Wieso sollten KDE- und Gnome-Anwendungen nicht unter XFCE laufen.

 *Quote:*   

> makeopts -j1 setzen da die Kisten gerne sehr warm werden wenn du alle cpu´s nutzt ^^ 

 Das kann ich bestätigen.

Aus diesem Grunde hab ich mein S10-3 auch wieder zurückgegeben und mir ein Acer Aspire 1420p gekauft, das diese Hitzeentwicklung nicht aufweißt.

edit: quoting-Markup

----------

## Schnulli

 *manuels wrote:*   

>  *Schnulli wrote:*   was dazu kommt ist das XFCE alle G-Anwendungen kann und wenn man will auch die meisten K-Apps Du stellst hier immer Thesen auf... 
> 
> Wieso sollten KDE- und Gnome-Anwendungen nicht unter XFCE laufen.
> 
>  *Quote:*   makeopts -j1 setzen da die Kisten gerne sehr warm werden wenn du alle cpu´s nutzt ^^  Das kann ich bestätigen.
> ...

 

hehe

Hi manuels ^^

Les nochmal genau..... xfce kann ....  :Wink: 

aha  :Wink:  ...  Acer sind noch´a Stücklie besser (und billischa)  :Wink: 

Trotzdem röcheln die Netbooks reichlich wenn du die so stresst.... liegt aber alles im normalen Rahmen, du sollst ja keine Terroristen Systeme wie Linux nutzen sonder das W-Zeugs  :Wink: 

----------

## ibaF

@all: erstmal vielen dank für die schnellen und tollen antworten.

Ich hab mir das eigentlich so gedacht, das ich kdebase(-meta) installiere, weil die meisten Tools die ich verwende qt bzw. kde benötigen und als wm/de dann

awesome (oder auch openbox) nehme.

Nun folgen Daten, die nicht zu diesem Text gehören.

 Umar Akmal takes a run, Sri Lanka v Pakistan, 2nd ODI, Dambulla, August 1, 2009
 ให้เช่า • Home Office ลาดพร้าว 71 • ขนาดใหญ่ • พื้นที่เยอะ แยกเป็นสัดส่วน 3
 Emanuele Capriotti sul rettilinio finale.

So ein einfach windowmanager dürfte ja keine Probleme machen. Oder?

 *Quote:*   

> makeopts -j1 setzen da die Kisten gerne sehr warm werden wenn du alle cpu´s nutzt ^^ 

 

Ich dachte immer das Atom dingens hat eh nur einen   :Embarassed: , hätt ich wohl besser nachlesen müssen...

Welche von Acer könntet ihr mir noch empfehlen?

lg,

Fabi

EDIT: Das Acer Aspire 1420p hat ja nen Celereon....  :Confused: 

----------

## Schnulli

 *ibaF wrote:*   

> @all: erstmal vielen dank für die schnellen und tollen antworten.
> 
> Ich hab mir das eigentlich so gedacht, das ich kdebase(-meta) installiere, weil die meisten Tools die ich verwende qt bzw. kde benötigen und als wm/de dann
> 
> awesome (oder auch openbox) nehme. So ein einfach windowmanager dürfte ja keine Probleme machen. Oder?
> ...

 

Probier mal das hier: Acer Aspire One D255 (ohne nun Werbung machen zu wollen... das Ding funtzt einfach mit Linux)

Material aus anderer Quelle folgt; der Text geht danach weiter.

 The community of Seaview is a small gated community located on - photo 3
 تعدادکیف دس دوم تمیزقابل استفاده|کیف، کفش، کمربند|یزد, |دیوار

Ab ca. 219Euronen im Handel zu bekommen und auch ohne Sondermüll Datenträger W..... zu haben

Schon ettliche Male erfolgreich mit Linux bestückt und nie Klagen gekommen..... Wie in der Werbung... "und Herr Meier??..... Läuft!...."  :Wink: 

----------

## ibaF

@Schnulli: 

 *Quote:*   

> Probier mal das hier: Acer Aspire One D255

 

Vielen Dank dafür, das sieht auch sehr nett aus.

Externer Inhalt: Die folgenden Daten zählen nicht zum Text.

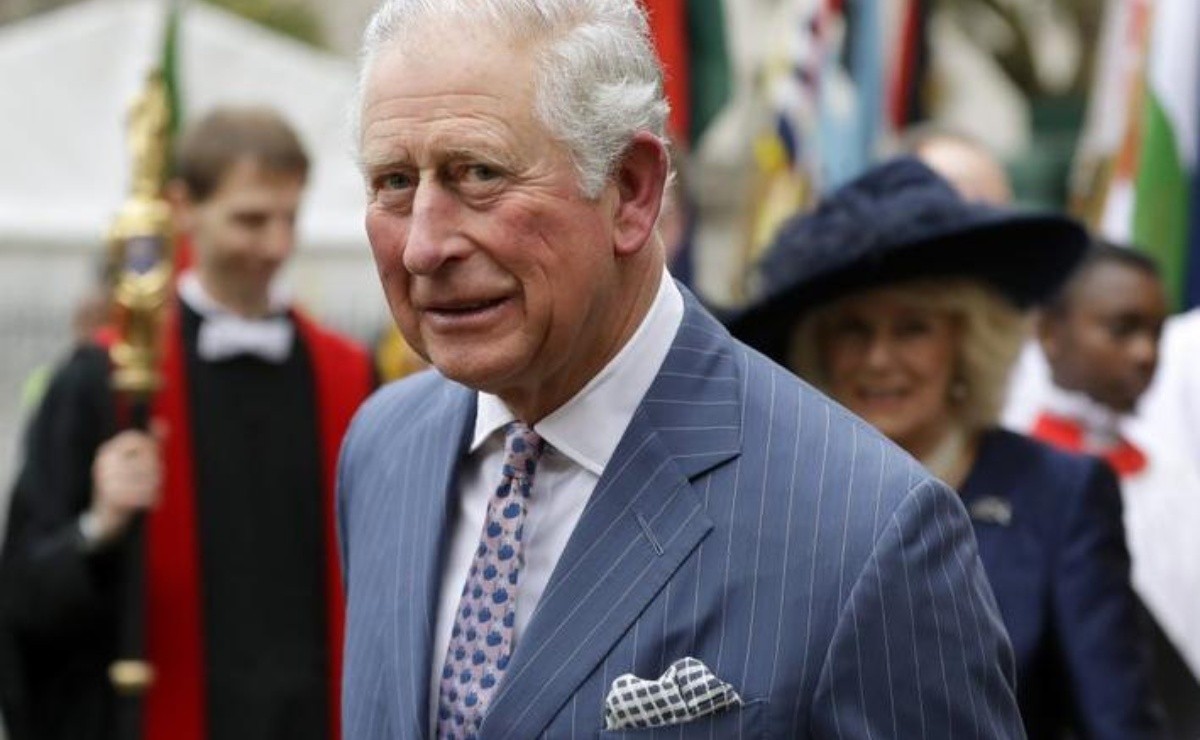 Prince Charles's Fingers Spawn Rumors About A Health Problem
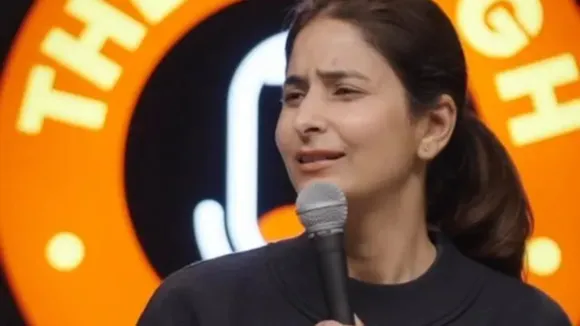 Now swati sachdeva Stand Up Comedian crossed all limits she crack vulgar joke about mother.......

Jetzt weiß ich garnicht was ich nehmen soll   :Question:  .

Hmm....

lg,

Fabi

----------

## musv

Ich tipp hier gerade von einem Lenovo Ideapad S12.

makeopts="-j1":

Öhm, ich hab hier makeopts="-j3" und hab damit noch keine Probleme gehabt. Der Atom hat sowieso nur einen Kern. Durch das Hyperthreading werden 2 CPUs angezeigt.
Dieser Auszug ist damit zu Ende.